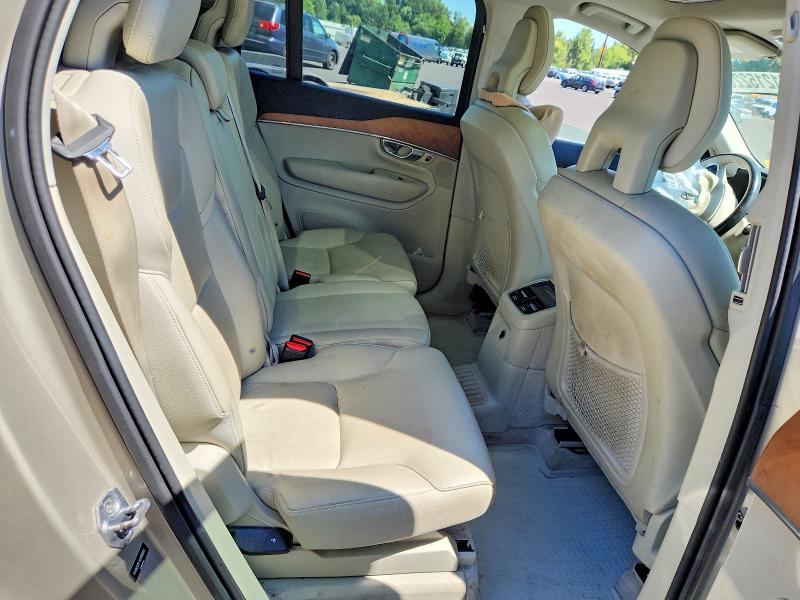 Photo 10 from auction – 2016 VOLVO XC90 with VIN YV4BC0PK1G1080904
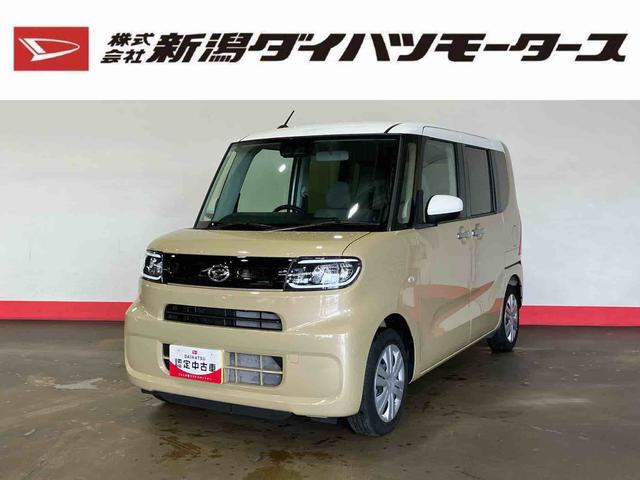 タントX(車内 消臭・抗菌 処理済) 衝突被害軽減システム 片側パワースライドドア バックカメラ キーフリーシステム(新潟県)の中古車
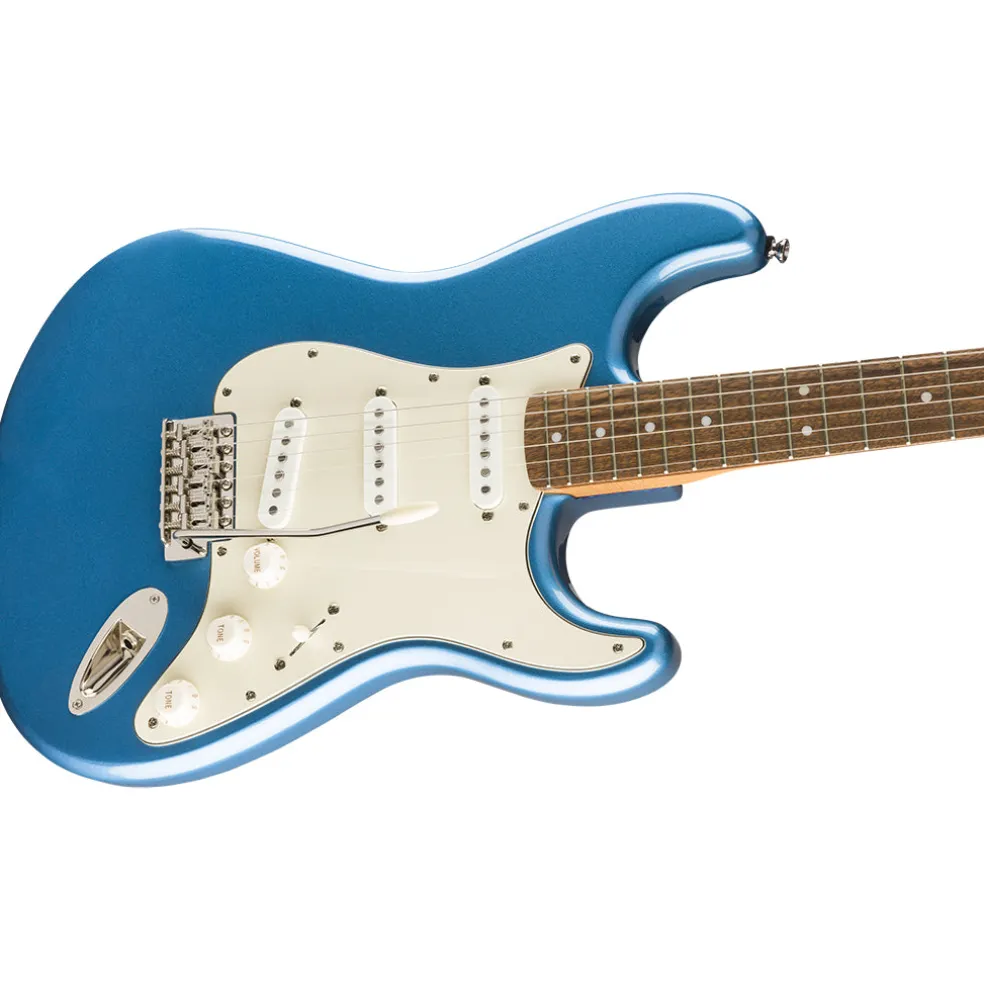 Squier Classic Vibe 60's Stratocaster - Lake Placid Blue - Laurel Fretboard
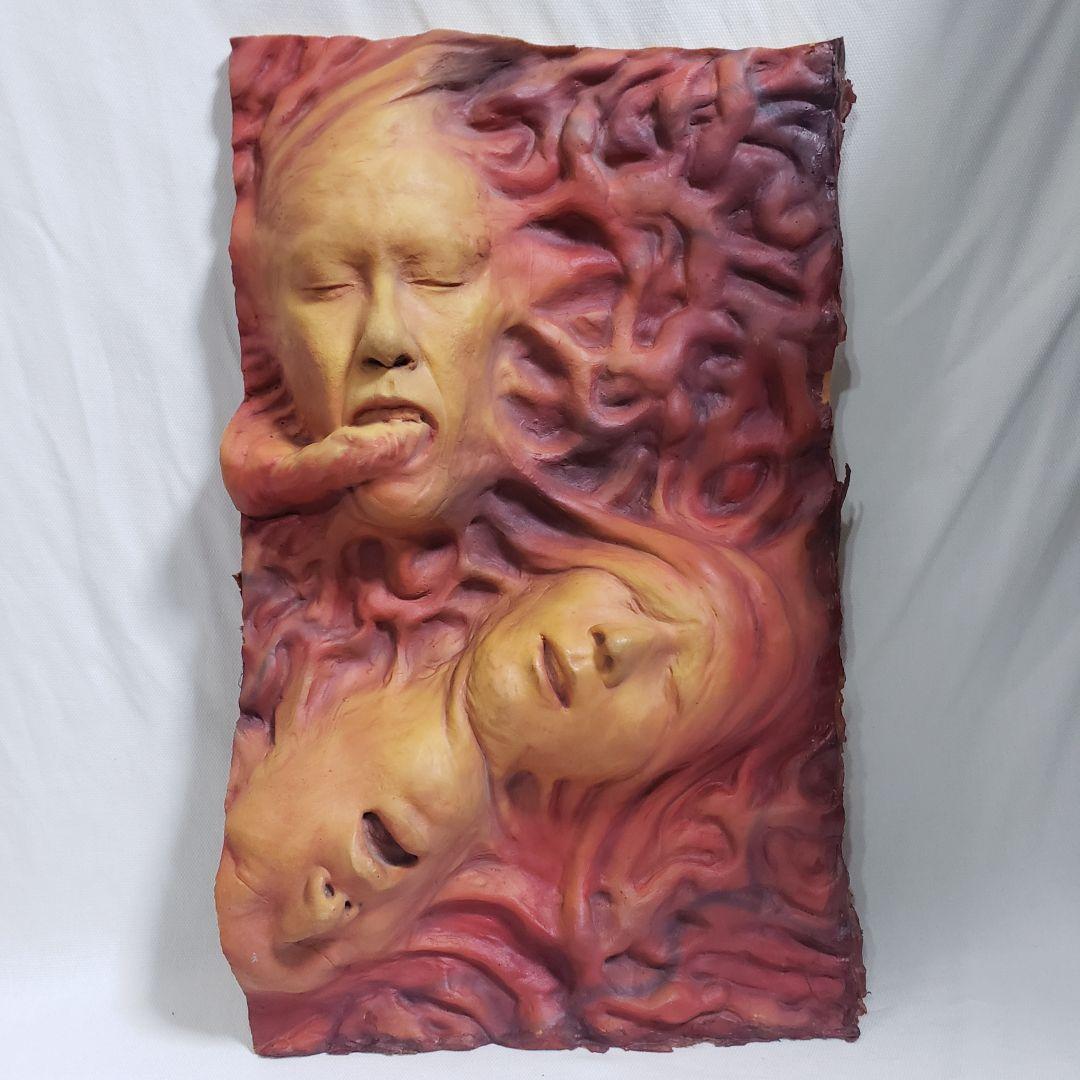 スクリーミングマッドジョージ 立体オブジェ①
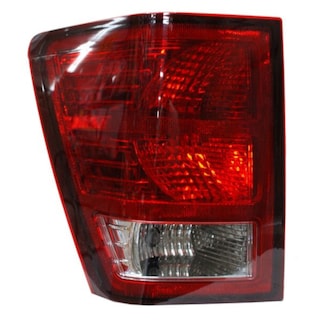 Foto 1 | Calavera Izquierda Jeep Grand Cherokee 2007 2008 2009 2010
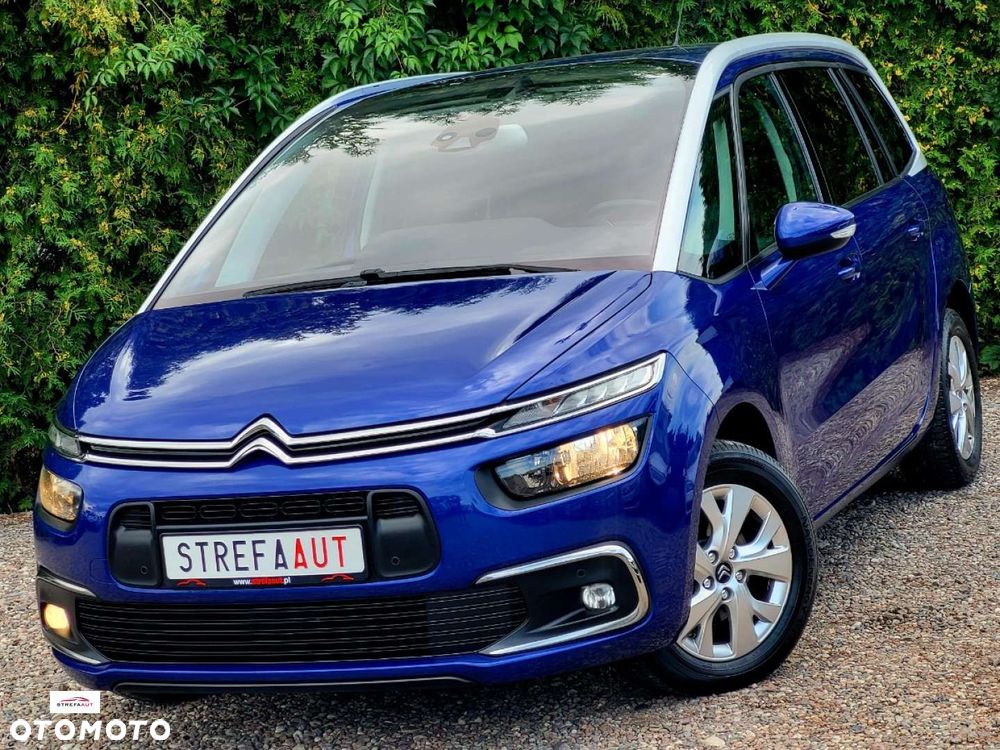 Citroën C4 Grand Picasso - 26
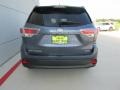 2016 Shoreline Blue Pearl Toyota Highlander XLE  photo #5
———
WHAT TO PRODUCE: The output should be the material above, copied exactly, without its pictures.

ANSWER SECTION:
 Photo 10 from auction – 2016 VOLVO XC90 with VIN YV4BC0PK1G1080904
 タントX(車内 消臭・抗菌 処理済) 衝突被害軽減システム 片側パワースライドドア バックカメラ キーフリーシステム(新潟県)の中古車
 Squier Classic Vibe 60's Stratocaster - Lake Placid Blue - Laurel Fretboard
 スクリーミングマッドジョージ 立体オブジェ①
 Foto 1 | Calavera Izquierda Jeep Grand Cherokee 2007 2008 2009 2010
 Citroën C4 Grand Picasso - 26
 2016 Shoreline Blue Pearl Toyota Highlander XLE  photo #5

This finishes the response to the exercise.